The emerging consensus from production teams in 2026 is that the competitive moat in agentic AI is the harness, not the model. The Manus team rewrote their harness five times in six months, using the same underlying models each time. Their conclusion: the most important production metric is cache hit rate.
Dan Lorenc's multiclaude arrived at many of the same outcomes with a fraction of the machinery. No Mayor. No MEOW stack. Just agents in independent git worktrees, CI as the ratchet, and a test suite that only lets good work through.
Here's what I think holds, what's shaky, and what's broken:
GUPP + Deacon as a liveness guarantee. Making action work-driven rather than schedule-driven is a genuinely good pattern regardless of model capability. The biological parallel (reticular activating system) holds.
NDI as a reliability principle. Specifying what, not how. Acceptance criteria over execution plans. This survives model improvements because it's about specification clarity, not model weakness.
Seven specialised roles. The role taxonomy maps neatly to brain regions, but the brain doesn't have a "Mayor" — prefrontal cortex is more distributed than that. Lorenc's roleless approach may be closer to how biological coordination actually works.
The MEOW stack. Seven levels of decomposition hierarchy. The naming is playful but the cognitive overhead for new users is real.

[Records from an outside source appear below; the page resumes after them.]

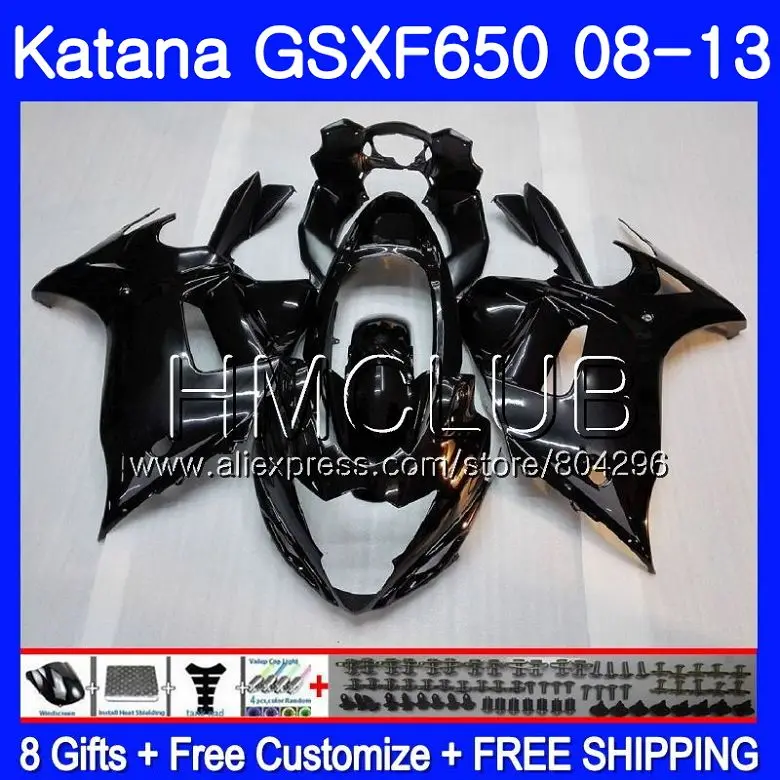Kit For SUZUKI KATANA GSXF 650 650F GSX650F 08 09 10 11 12 13 24HM.1 GSXF650 2008 2009 2010 2011 2012 2013 Fairing Glossy black
Kit For SUZUKI KATANA GSXF 650 650F GSX650F 08 09 10 11 12 13 24HM.1 GSXF650 2008 2009 2010 2011 2012 2013 Fairing Glossy black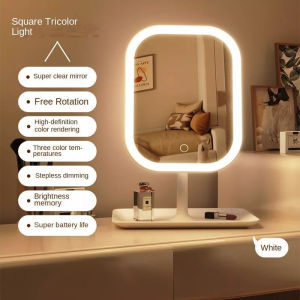 LED Makeup Mirror Dressing Table Mirror Beauty Makeup Mirror Fill Light Adjustable Cosmetics Mirror PAZU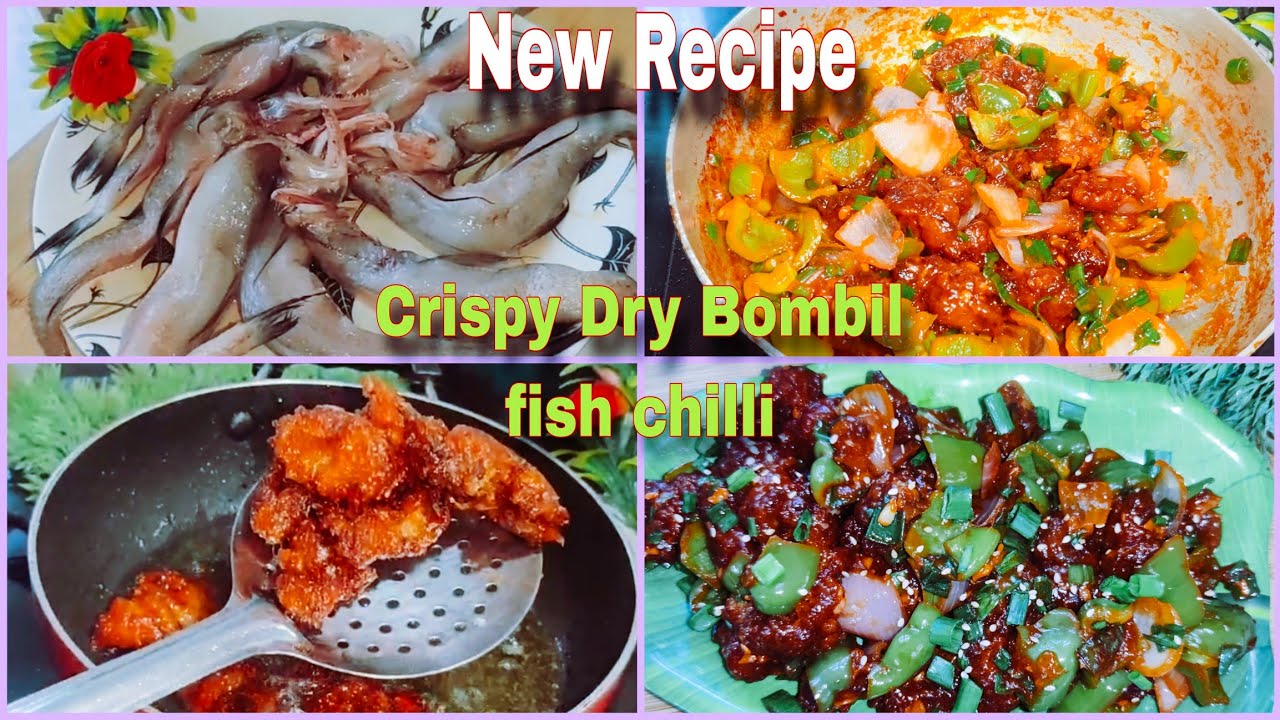 कुरकुरीथ बोंबील चील्ली/crispy Dry Bombil chilli/मासे स्वच्छ करण्याची सोपी पद्धत/tipfor crispy bombil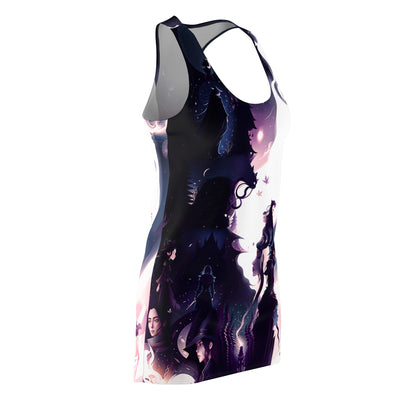 Mystic Journey - Women's Cut & Sew Racerback Dress (AOP)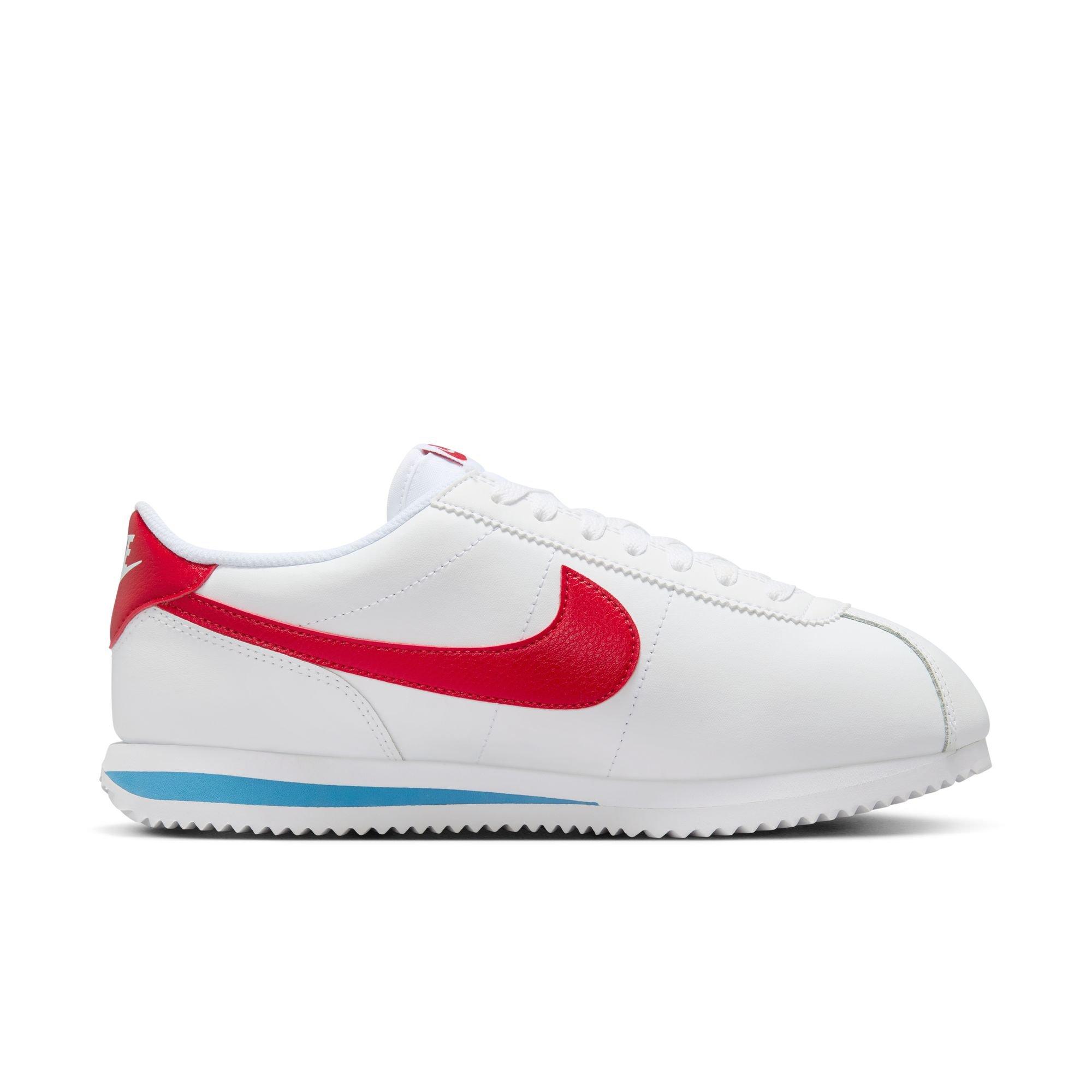 Nike Cortez Leather "Forrest Gump" Women's Shoe - WHITE/VARSITY RED/VARSITY BLUE Thumbnail View 2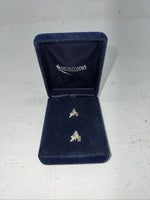 New Women’s Montana Silversmiths Barrel Racer Silver Earrings. JS649GBL A-32
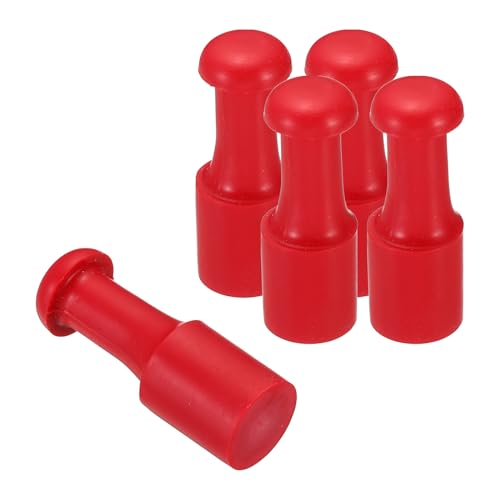 PATIKIL 15mm Stempelgummi-Rundgriff, 5er-Pack Gummiknöpfe Stempelhalter für Stempelherstellung DIY Basteln Scrapbooking, Rot von PATIKIL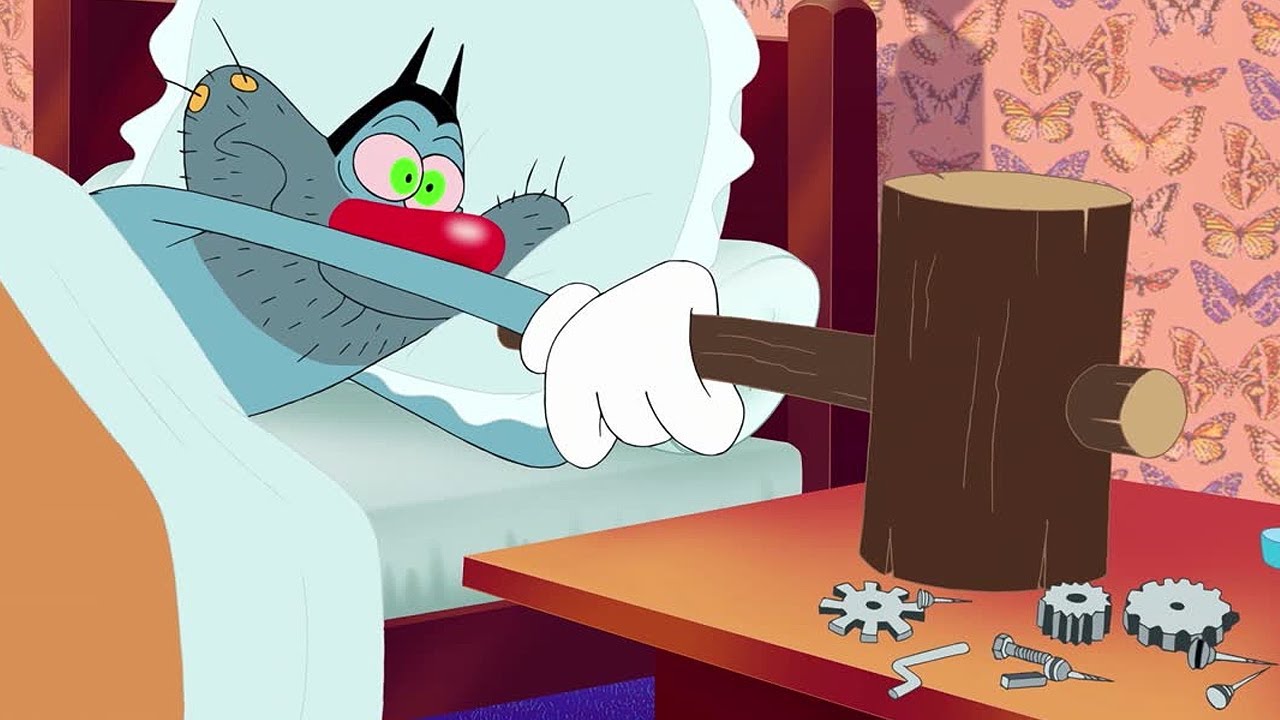 Oggy und die Kakerlaken | Oggy hat nicht gut geschlafen | Volledige aflevering in HD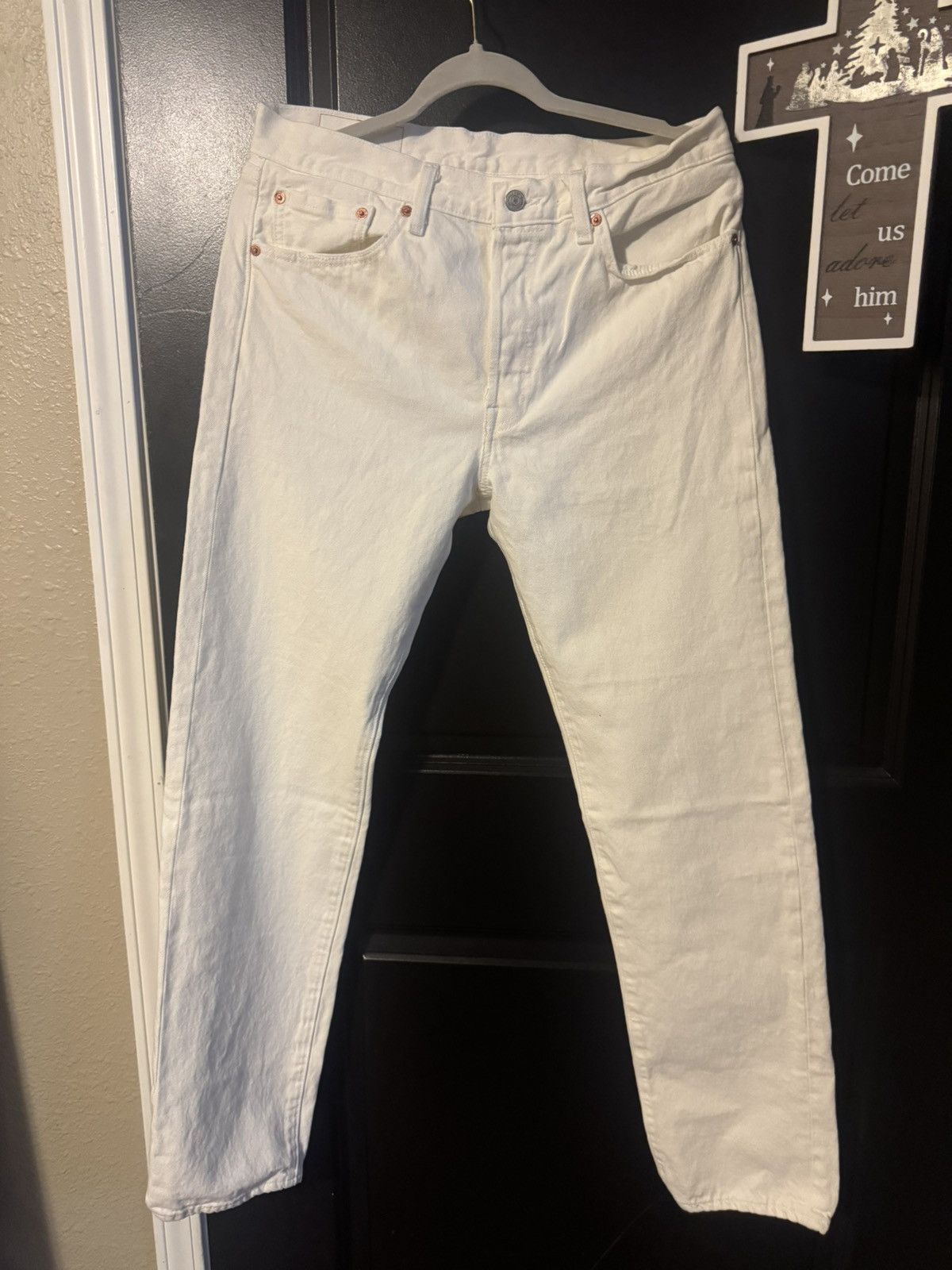 DENIM TEARS Denim tears X Levi’s 501 mono cotton wreath jeans size 32 Size US 32 / EU 48 - 3 Thumbnail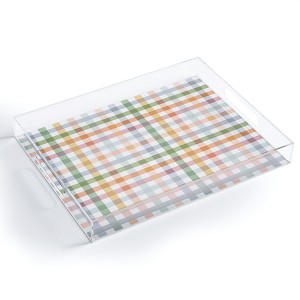 Ninola Design Countryside Gingham Picnic Acrylic Tray - Deny Designs - 1 of 4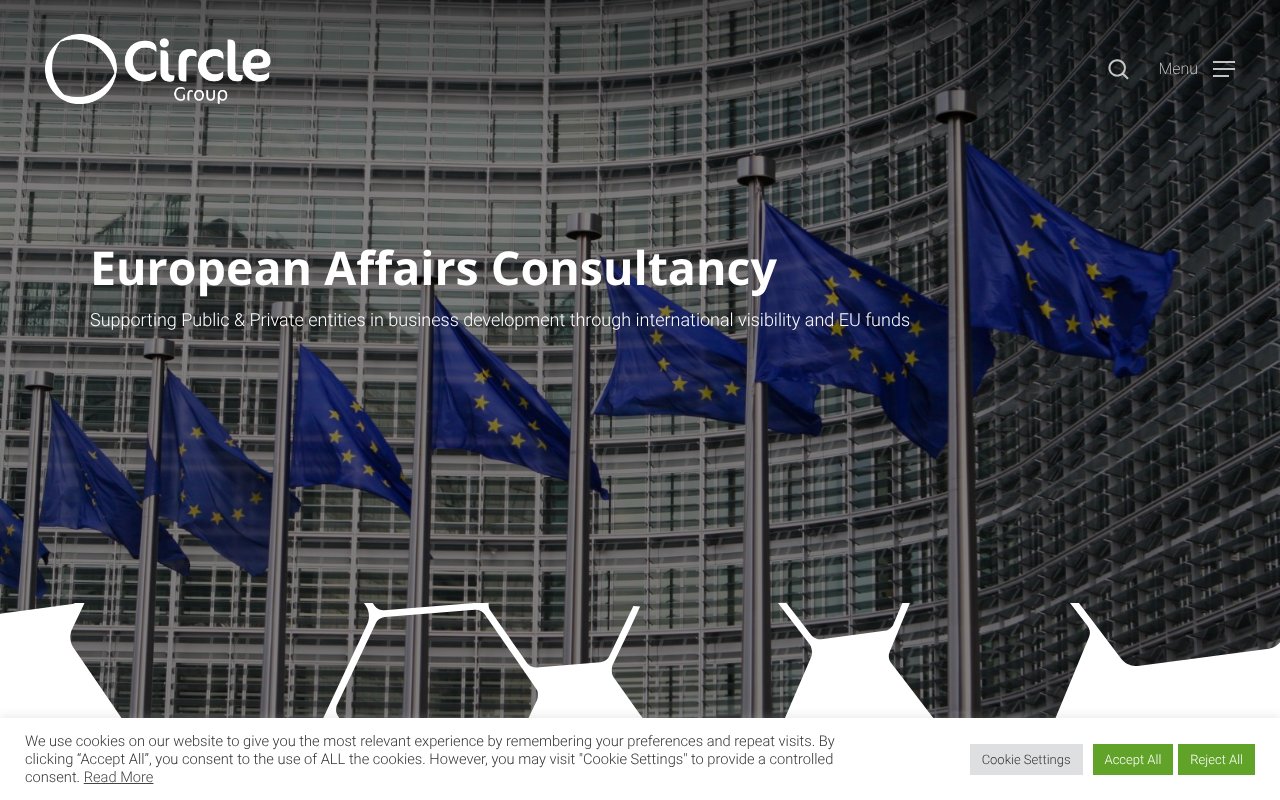 Screenshot of circlegroup.eu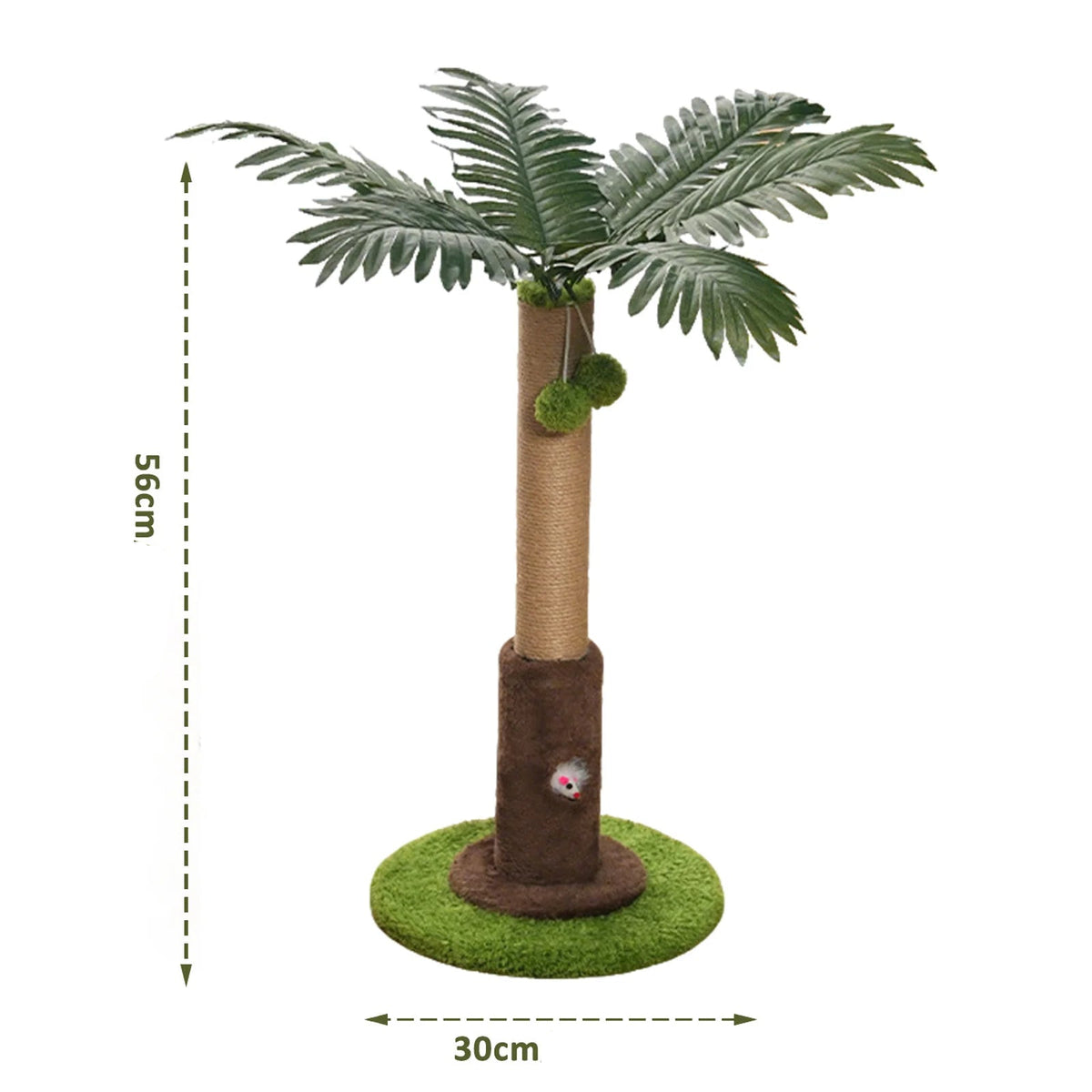Árbol Rascador para Gatos con Casita y Bolas Colgantes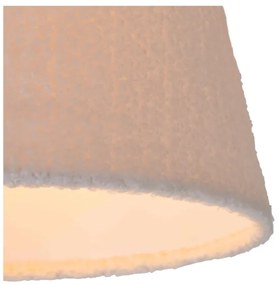 Lustră pe cablu Lucide 10416/01/38 WOOLLY 1xE27/60W/230V crem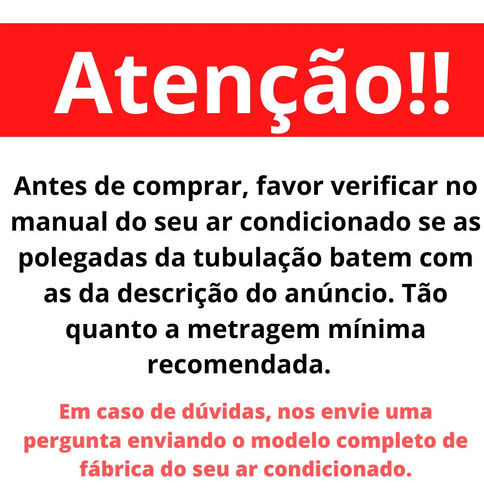 Kit Instalação Ar Condicionado Split 12.000 A 18.000 Btu 15m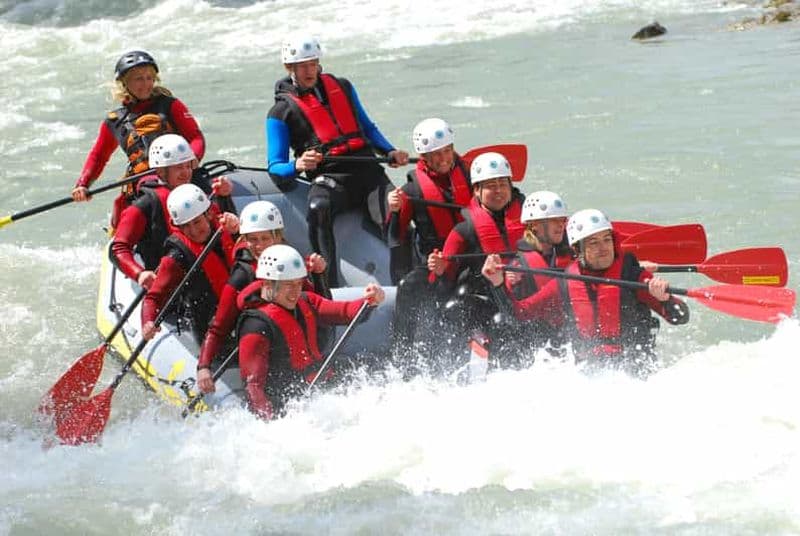 Ötztal : Rafting dans les gorges de l'Imster avec déjeuner
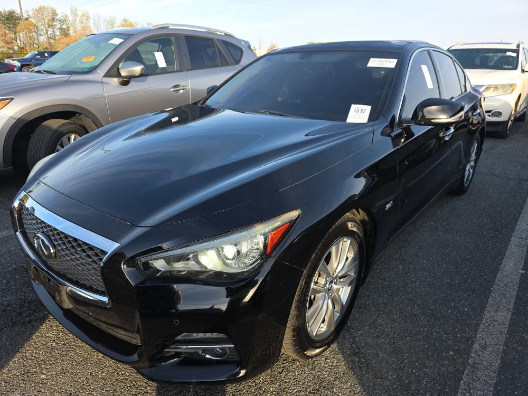 Black Obsidian 2017 INFINITI Q50 3.0t Premium AWD Sedan All-Wheel Drive 7-Speed Automatic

Single-maintainer risk. 189,000 lines. One primary developer. The system works because Yegge understands every component. This is the opposite of the distributed resilience that Gas Town preaches for its agents.
The Thesis
Goal neglect predicts that agents will fail more as instruction complexity increases — not from lack of capability, but from task model collapse. The vulnerable components fail first: late-added rules, conditional overrides, edge cases. The solution, in both cognitive science and engineering, is to reduce the concurrent complexity of the task model.
Every tool in the agentic stack solves this independently. Progressive disclosure is how the brain manages task complexity. Fresh context per iteration rebuilds the task model from scratch, like sleep consolidation. External memory offloads the task model to persistent storage. Hooks provide programmable inhibitory control. Standing orders convert complex instructions into automatic procedures. Molecules decompose complex goals into single-step task models.
The agentic AI infrastructure being built in 2025–2026 converges on solutions to a cognitive constraint that Duncan identified in 1996 and that developmental and individual-differences work has been refining ever since. The constraint is real. The substrate is different. The failure signature is the same. The solutions converge.
Duncan, J. et al. (2008). Goal neglect and Spearman's g. JEPG, 137(1), 131–148.
Roberts, G. & Anderson, M. (2014). Task structure complexity and goal neglect in typically developing children. JECP, 120, 59–72.
Kim, Y. et al. (2025). Towards a Science of Scaling Agent Systems. Google DeepMind.
Xie, Y. et al. (2026). From Spark to Fire: Error Cascades in Multi-Agent Systems. arXiv:2603.04474.
McVay, J.C. & Kane, M.J. (2009). Conducting the train of thought. JEPLMC, 35(1), 196–204.